"""
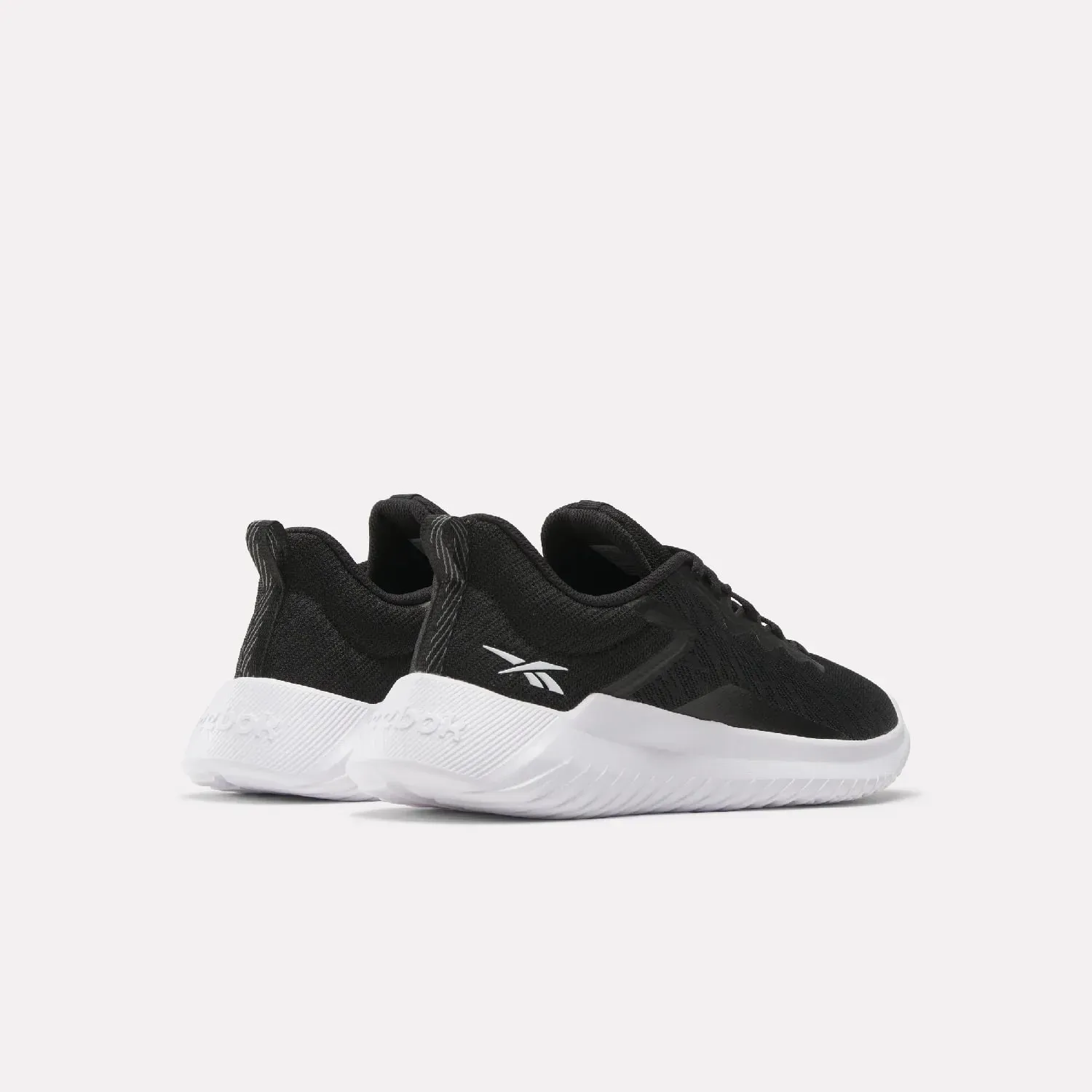 Zapatillas Reebok Training Mujer Fluxlite Li color negro | Platanitos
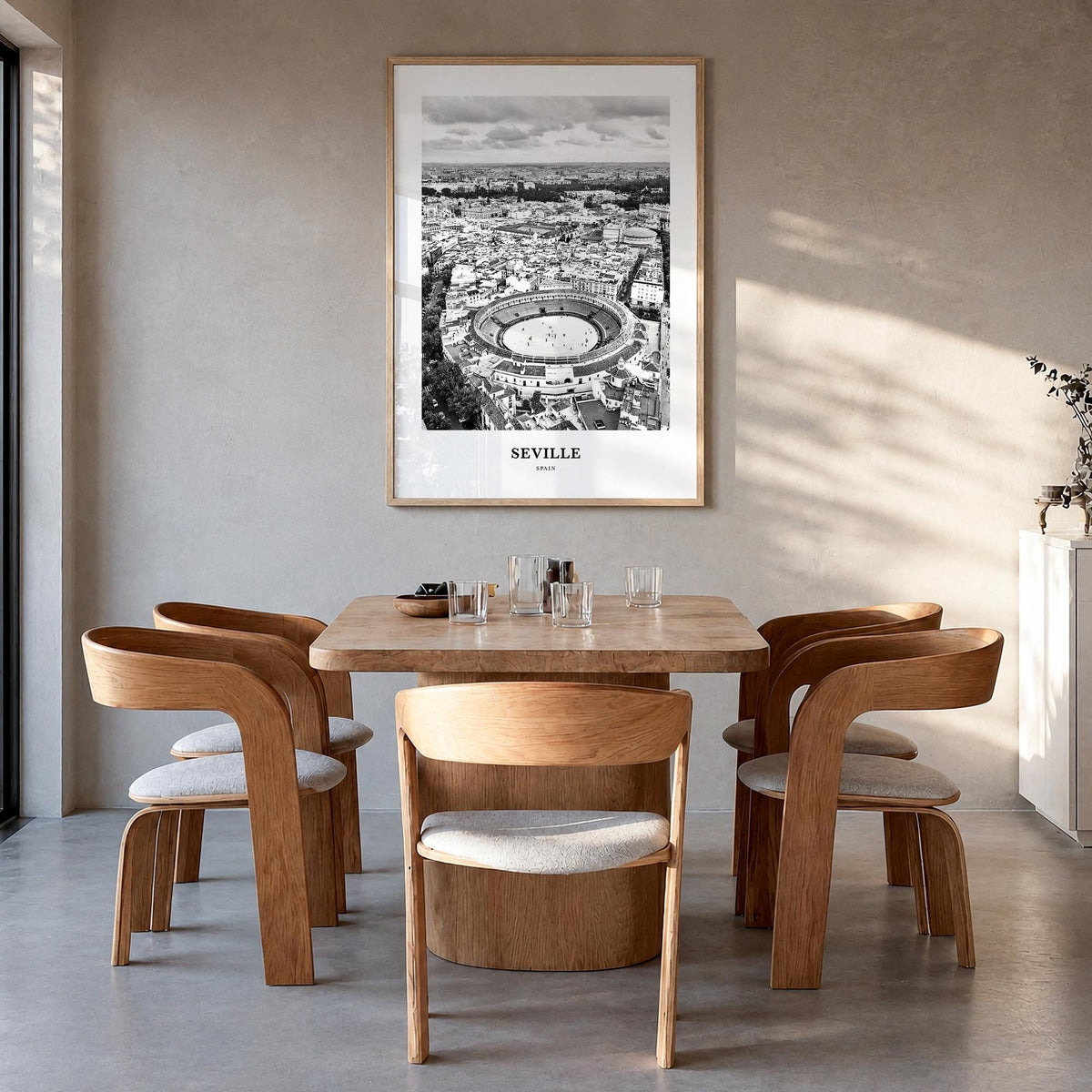 Seville no. 2 black & white classic poster of Spain – vertical wall art in natural wood frame, hanging on wall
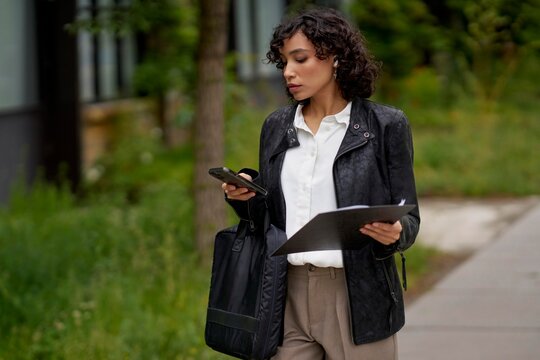 Professional Woman Walking Outside While Checking Her Phone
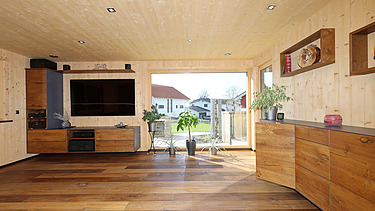 Foto eines Wohnhauses aus LENO-Brettsperrholz. Wohnzimmer mit vielen Holzoberflächen.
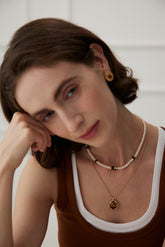 A women wear the tiger's eye pendant necklace layering with the pearl strand necklace.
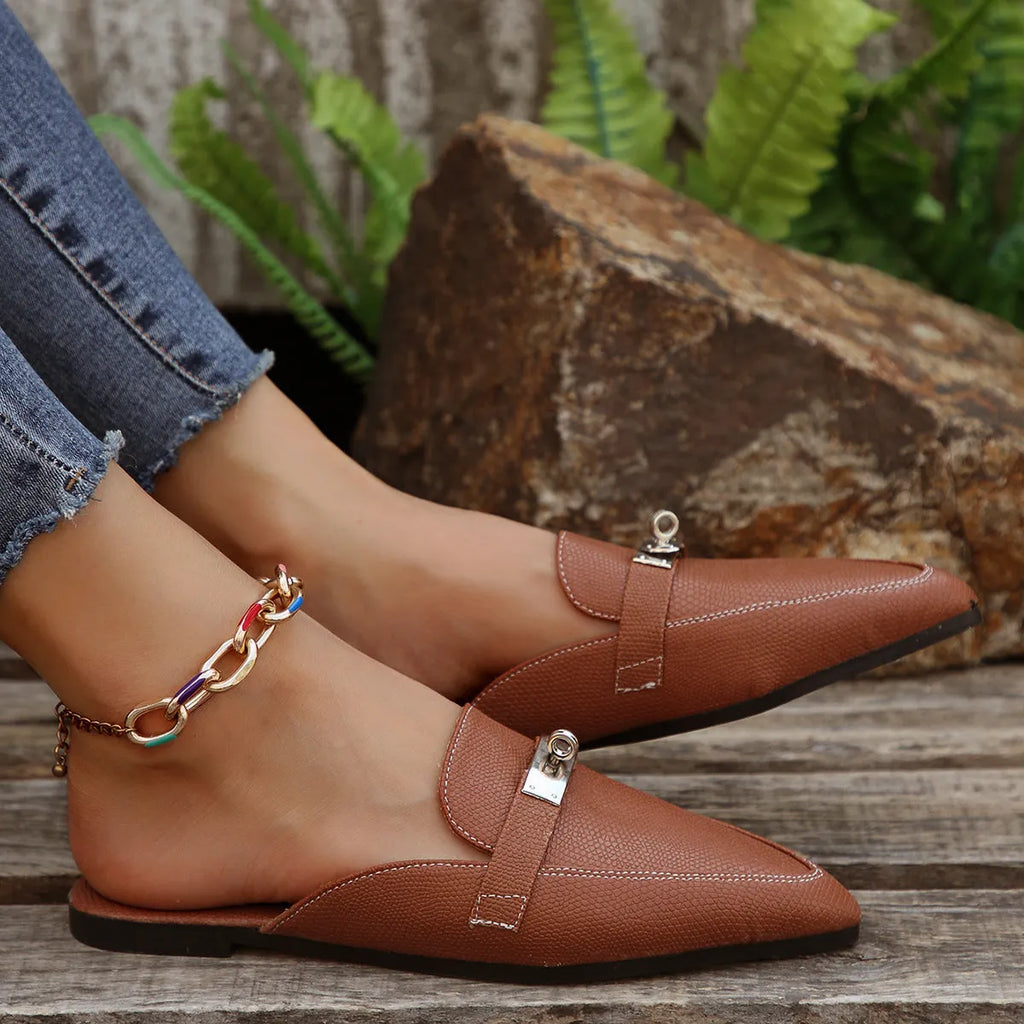 Light brown women's pointed toe low heel semi-slippers with a PU upper and rubber sole.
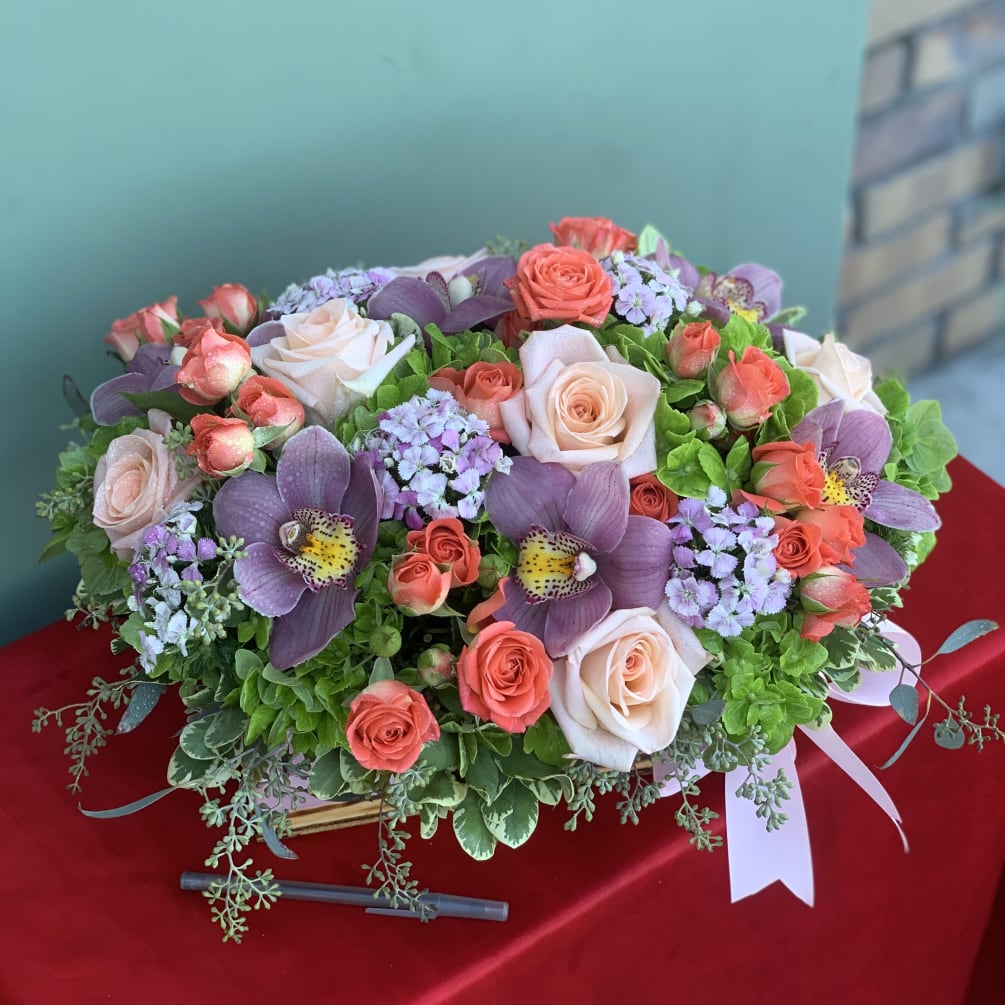 A perfect way to celebrate any occasion with this modern arrangement filled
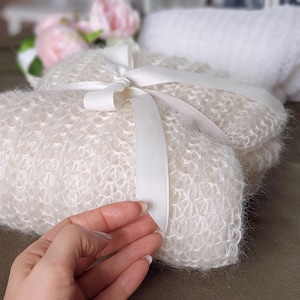 May include: A white crocheted baby blanket with a white satin ribbon tied in a bow. The blanket is soft and fluffy, perfect for a newborn.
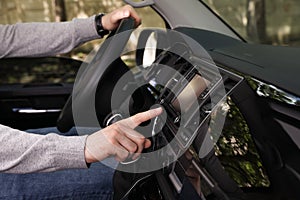 Driver using modern car navigation system, closeup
"""
- Problem details -
Nothing but the lines from the line with "May include: A" through the last line of the data above should be printed, exactly as written and without pictures.

- Result for this exercise -
 May include: A white crocheted baby blanket with a white satin ribbon tied in a bow. The blanket is soft and fluffy, perfect for a newborn.
 Driver using modern car navigation system, closeup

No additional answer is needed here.